Laura Katherine Delany (born 23 December 1992) is an Irish cricketer who currently captains Typhoons. She is a right-handed batter and right-arm medium pace bowler. Delany made her debut for Ireland in a Women's One-Day International (WODI) against New Zealand at Kibworth Cricket Club New Ground in July 2010. In July 2021, during Ireland's home series against the Netherlands, Delany broke the captaincy record for her team, leading them for the 63rd time, passing Isobel Joyce's record of 62 matches as captain.

In November 2021, Delany was named the ICC Player of the Month.

==Biography==
In April 2016, she was named as captain of Ireland replacing Isobel Joyce who stepped down after the 2016 ICC Women's World Twenty20 in India. In May 2017, she played in her 100th international match, when Ireland played South Africa in the 2017 South Africa Quadrangular Series.

In June 2018, she was named as captain of Ireland for the 2018 ICC Women's World Twenty20 Qualifier tournament. In October 2018, she was named as captain of Ireland's squad for the 2018 ICC Women's World Twenty20 tournament in the West Indies. The following month, she was named the Women's International Player of the Year at the annual Cricket Ireland Awards.

In August 2019, she was named as the captain of Ireland's squad for the 2019 ICC Women's World Twenty20 Qualifier tournament in Scotland. In July 2020, she was awarded a part-time professional contract by Cricket Ireland for the following year.

In the Women's Super Series, she played for Dragons in 2015 and 2016, and captained them in 2016. She joined Typhoons in 2017, and has captained them ever since, including to their first title in 2020.
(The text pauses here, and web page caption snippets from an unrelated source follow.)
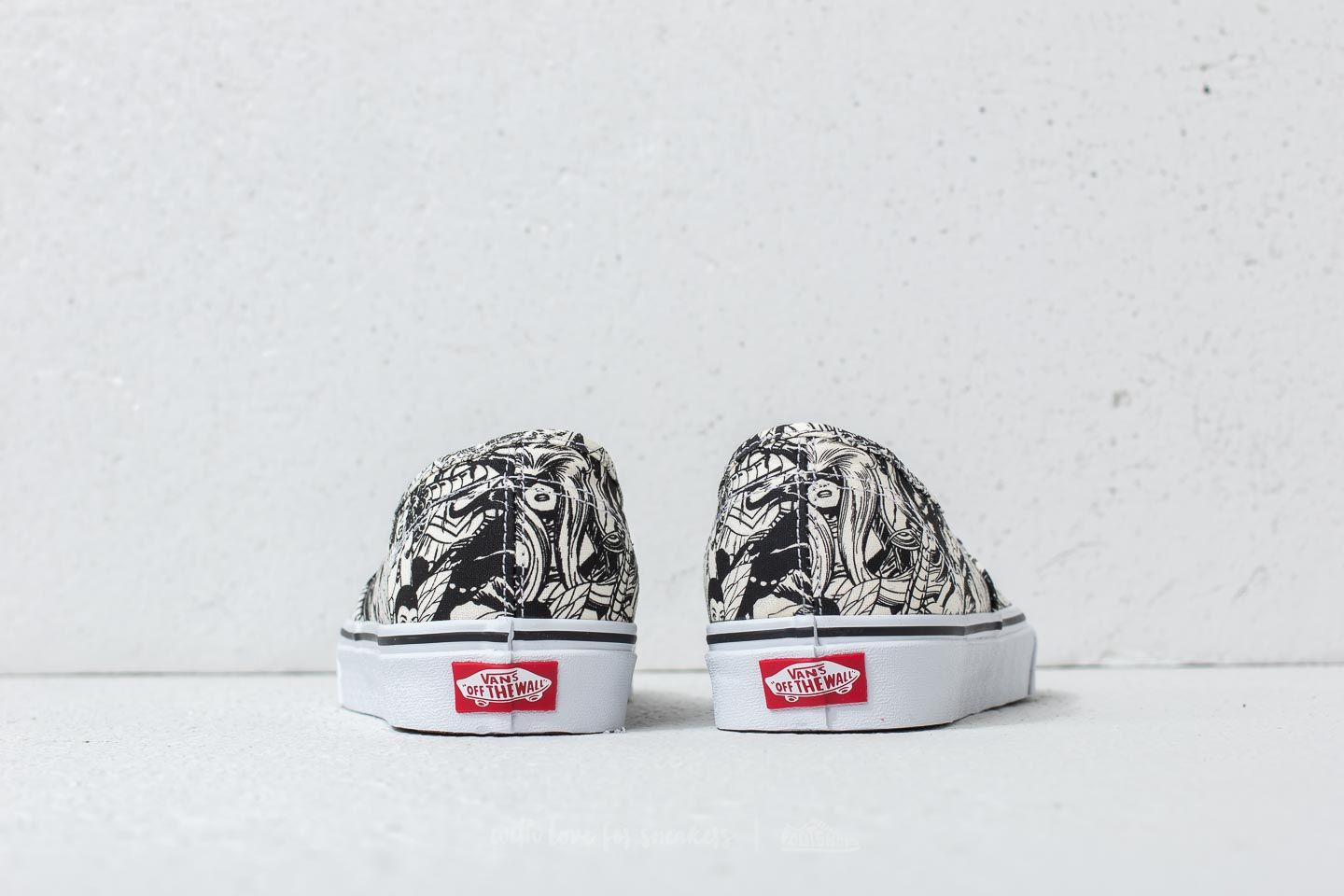 Vans x marvel sales authentic shoes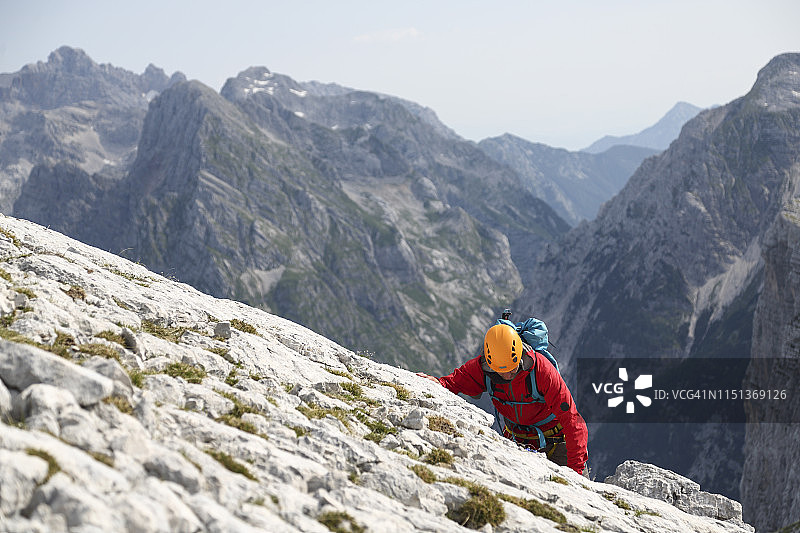 男人攀登群山图片素材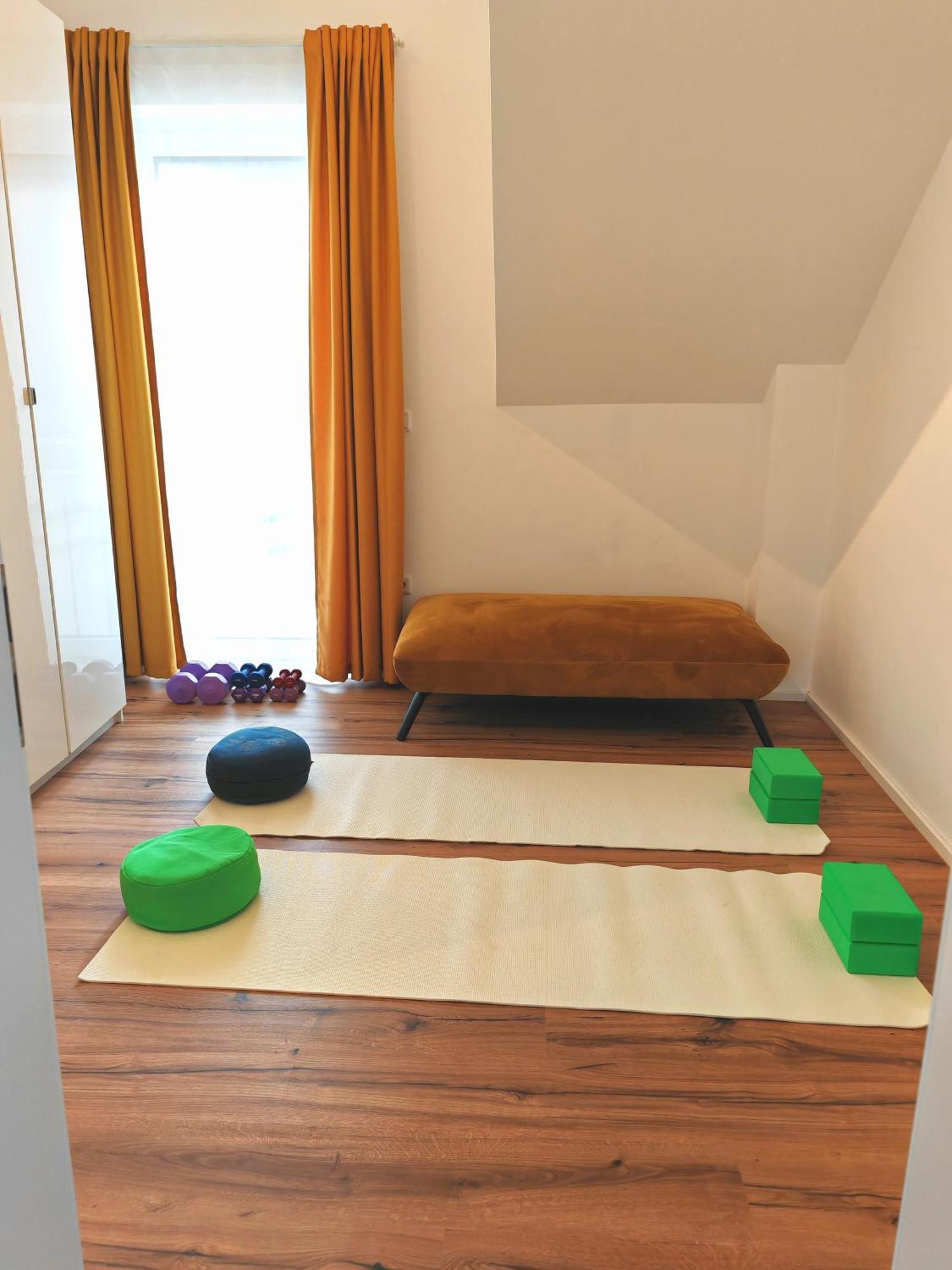Golden Home With Barbecue, Yoga, Football Table Sinsheim Extérieur photo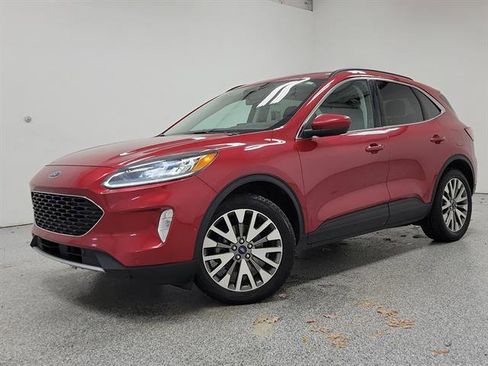 Used 2021 Ford Escape Titanium image 1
In November 2021, she was named as the captain of Ireland's team for the 2021 Women's Cricket World Cup Qualifier tournament in Zimbabwe. In September 2023, it was announced that Delany had signed for North West Thunder for the side's remaining Rachael Heyhoe Flint Trophy matches.

Delany was named in the Ireland squad for their T20I and ODI tour to Bangladesh in November 2024.

Delany was part of the Ireland squad for the 2025 Women's Cricket World Cup Qualifier in Pakistan in April 2025.